Bug 2192852

Summary: KMSServerConnectionAlert is not cleared when connection to kms is restored
Product: [Red Hat Storage] Red Hat OpenShift Data Foundation Reporter: Filip Balák <fbalak>
Component: ceph-monitoringAssignee: arun kumar mohan <amohan>
Status: CLOSED ERRATA QA Contact: Parag Kamble <pakamble>
Severity: medium Docs Contact:
Priority: unspecified    
Version: 4.13CC: amohan, ebenahar, muagarwa, nthomas, odf-bz-bot
Target Milestone: ---   
Target Release: ODF 4.14.0   
Hardware: Unspecified   
OS: Unspecified   
Whiteboard:
Fixed In Version: 4.14.0-111 Doc Type: No Doc Update
Doc Text:
Story Points: ---
Clone Of: Environment:
Last Closed: 2023-11-08 18:50:22 UTC Type: Bug
Regression: --- Mount Type: ---
Documentation: --- CRM:
Verified Versions: Category: ---
oVirt Team: --- RHEL 7.3 requirements from Atomic Host:
Cloudforms Team: --- Target Upstream Version:
Embargoed:

Description Filip Balák 2023-05-03 10:34:26 UTC
Description of problem (please be detailed as possible and provide log
snippests):
KMSServerConnectionAlert gets correctly raised but the alert is not cleared when the connection is restored.

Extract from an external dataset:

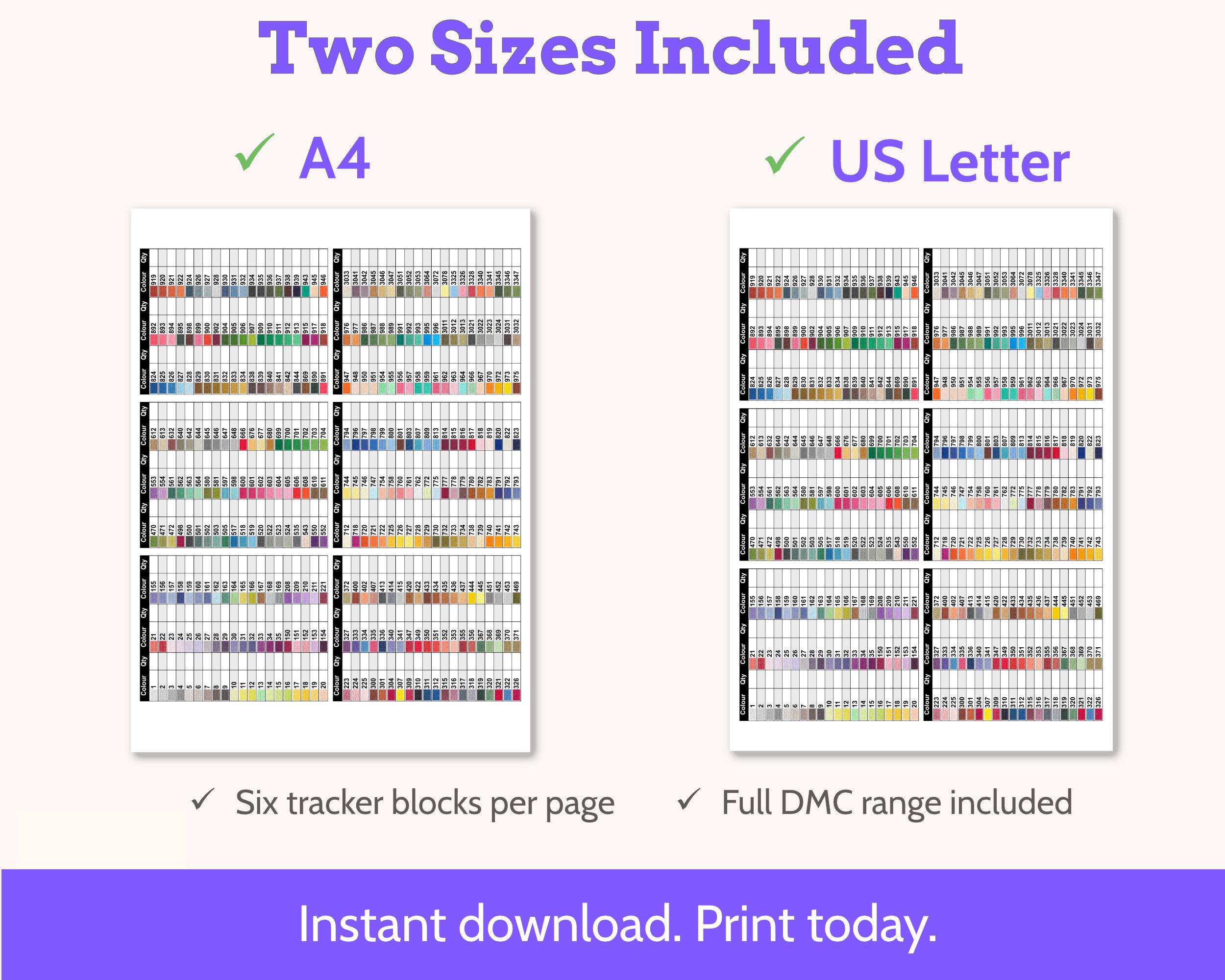 Printable DMC Floss Tracker Planner Stickers • DMC Color Inventroy • A4 ...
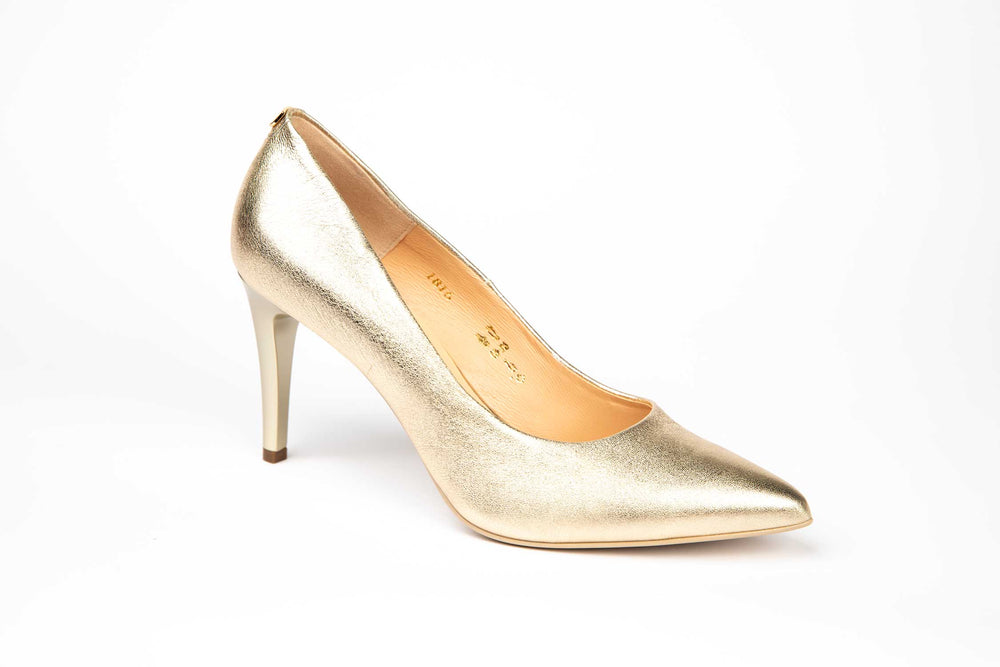 Pantofi eleganti dama din piele naturala SALA 1816 auriu cristal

Version of all relevant components (if applicable):
OCS 4.13.0-179
OCP 4.13.0-0.nightly-2023-05-02-134729

Rate from 1 - 5 the complexity of the scenario you performed that caused this
bug (1 - very simple, 5 - very complex)?
2

Can this issue reproduce from the UI?
yes

Steps to Reproduce:
1. Install OCS cluster with enabled cluster-wide encryption with Vault KMS.
2. Edit ocs-kms-connection-details config map - set VAULT_ADDR to incorrect address.
3. Observe the alert in OCP console.
4. Edit ocs-kms-connection-details config map back to correct address.
5. Observe the alert in OCP console.

Actual results:
First edit of the config map triggers the alert but the alert stays and is not cleared when the address is set to correct value again.

Expected results:
The alert should be cleared when configuration is correct again.

Additional info:
During testing was not tested if the cluster actually resolves the connection (only the alert). The severity of the bug should be raised if the cluster actually can not restore it's connection when there is a downtime with vault kms server.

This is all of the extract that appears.